Monday, October 18, 2010

Crafting selves

Really interesting QOTD (from a few days back...) and discussion at martinimade - I agree with the comment that there might be a book that Adrienne Martini ought to write about the meaning of craft/s for American women today :)

Earlier this summer, Adrienne's most recent book, Sweater Quest, had me pondering, as an anthropologist will, why are these particular people doing what they do at this particular moment?

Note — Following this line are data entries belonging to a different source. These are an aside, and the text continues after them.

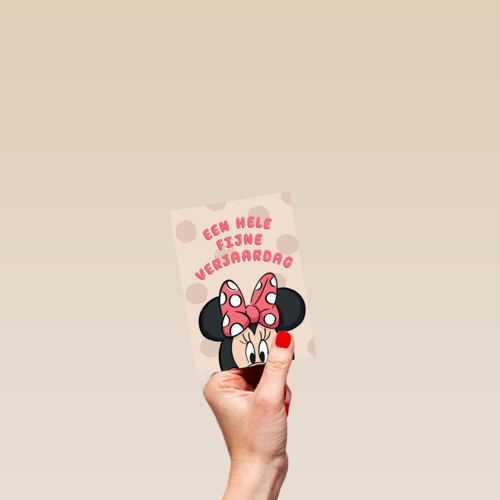 verjaardag kaart minnie mouse een hele fijne verjaardag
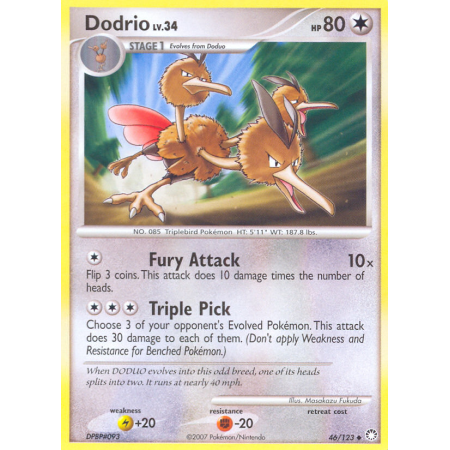 Dodrio (Reverse Holo)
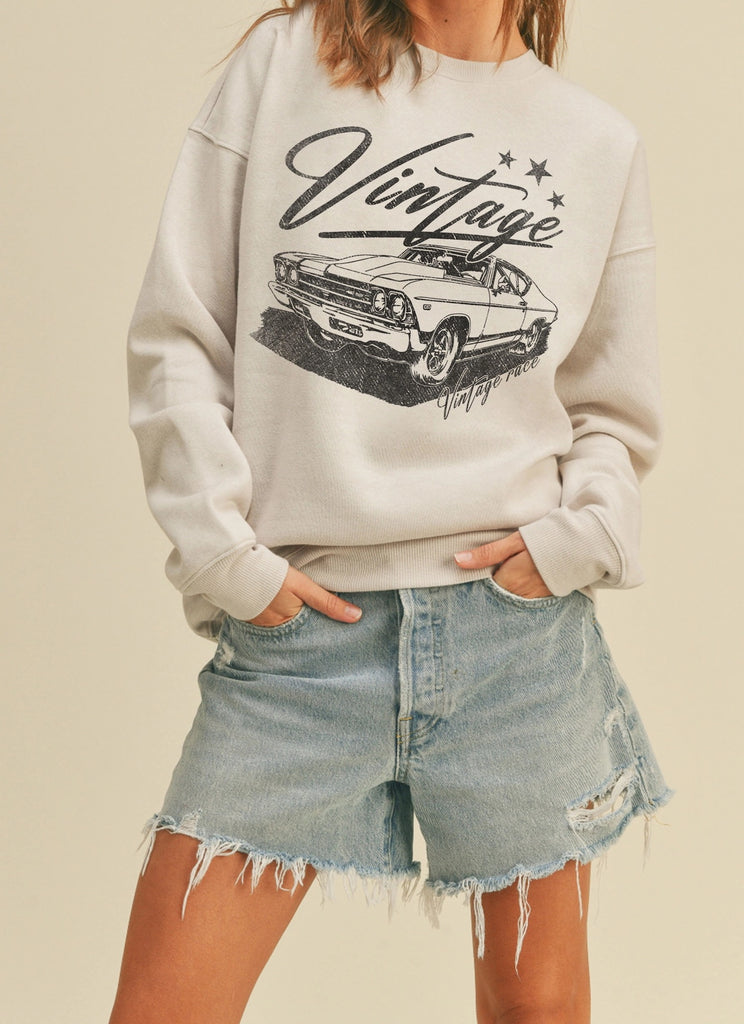 Vintage Race Pullover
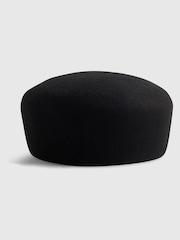 River Island Black Tolami Pill Box Hat - Image 2 of 3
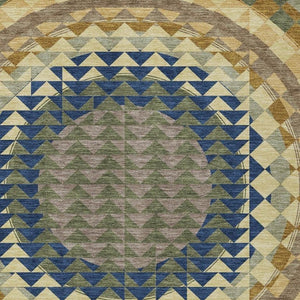 5x8 Geometric Polyester Area Rug Stain Resistant Washable for Patio or Living Room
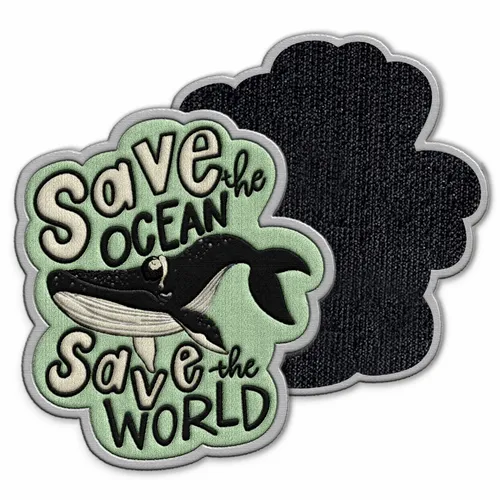 Save the Ocean Velcro Patch - Custom Canvas Now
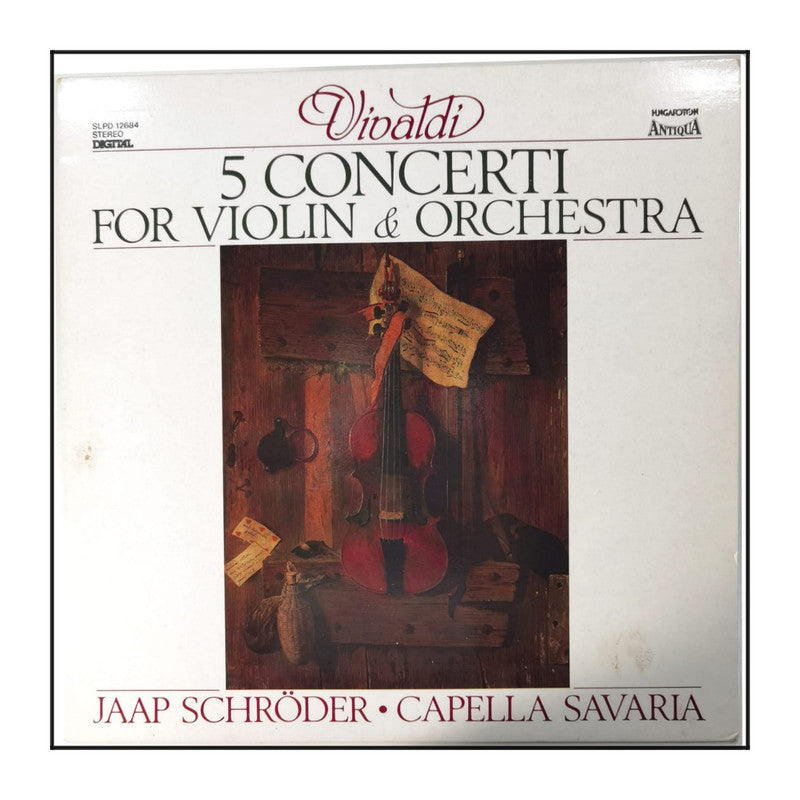 Antonio Vivaldi: 5 Concerti For Violin & Orchestra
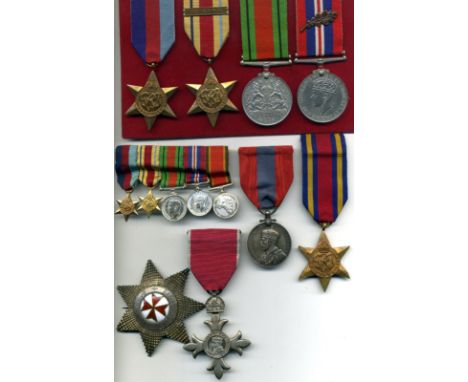 Miscellaneous: M.B.E. type 2 (Civil); I.S.M., George V type 2 (Herbert George Brennan); 1939-45 Star, Africa Star with 1st Ar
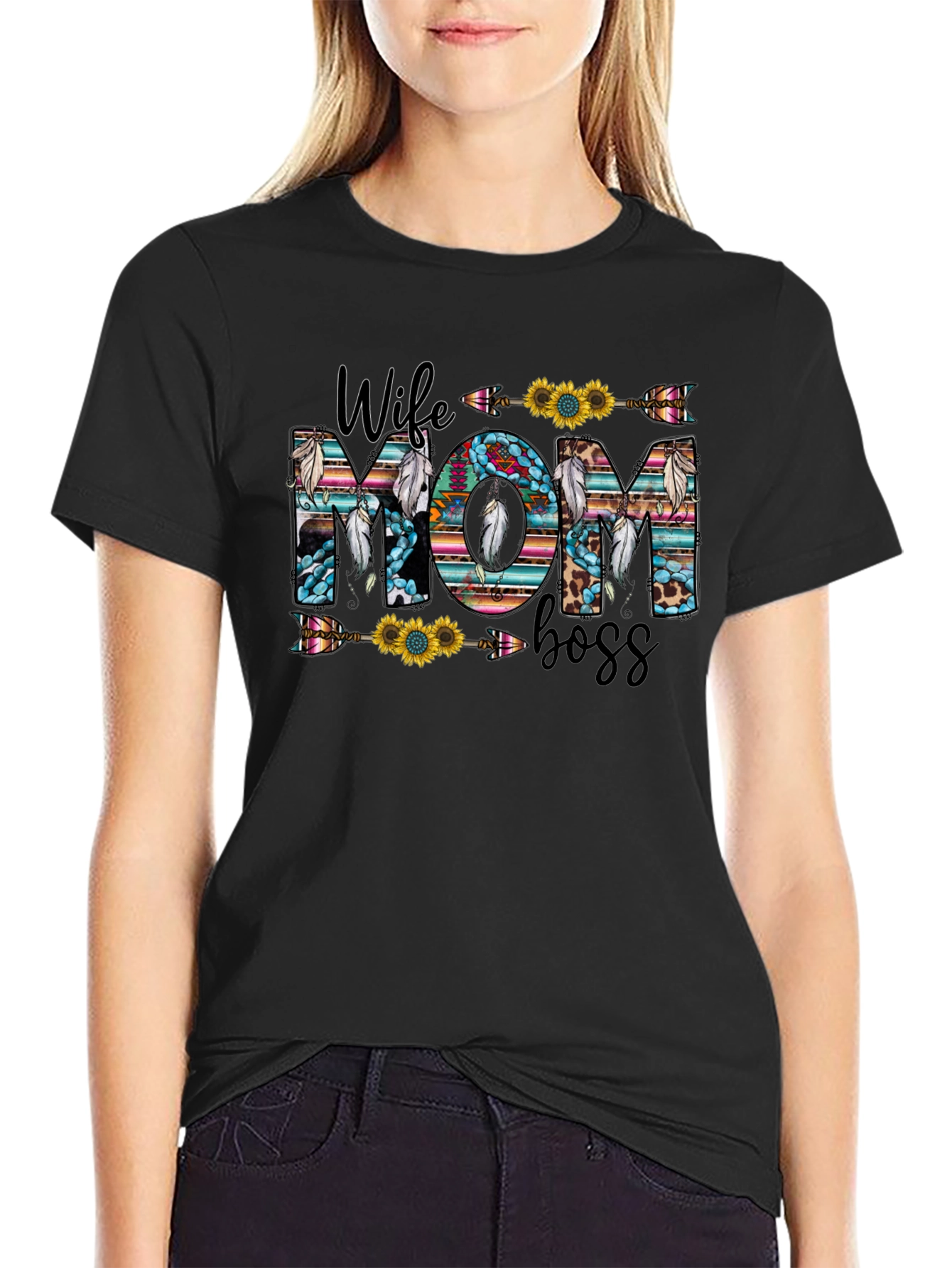 Camiseta Mujer Maravilla: Esposa Mamá y Jefa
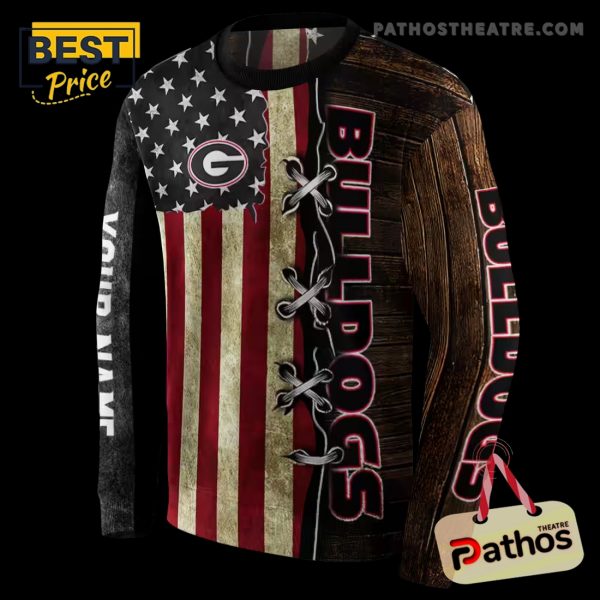 Customized Georgia Bulldogs American Pride Hoodie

Which led me to consider the political economy of craft.

It might be true, at least in part, that American women today turn to craft/s b/c they have the means to do so (including time and / or a certain amount of money to be able to do so, as hand-crafted generally is recognized not necessarily to be more "economical" than store-bought...) Or, as I had suggested, that we are experiencing a particular political economic moment in which other forms of productive work (e.g., paid labor) seem to lack a certain kind of meaning and importance that renders it unsatisfying in part b/c it is unsatisfying in terms of creativity, discovery, and autonomy.

I think it is interesting that American women ponder whether or not crafting is "feminist" - and consider what they learned (or not) from their mothers and grandmothers. There has been a strand of feminist discourse that salvages and celebrates "women's culture" that I think is being evoked here.

However. What especially strikes me now in the recent discussion at martinimade is the women's references to their age or at least stage in life: I realize that young women, too, are interested now in craft/s, but I wonder whether or not the turn to craft/s might be part of that continual process of crafting our lives / selves, esp. as women face age 40 and 50 and beyond.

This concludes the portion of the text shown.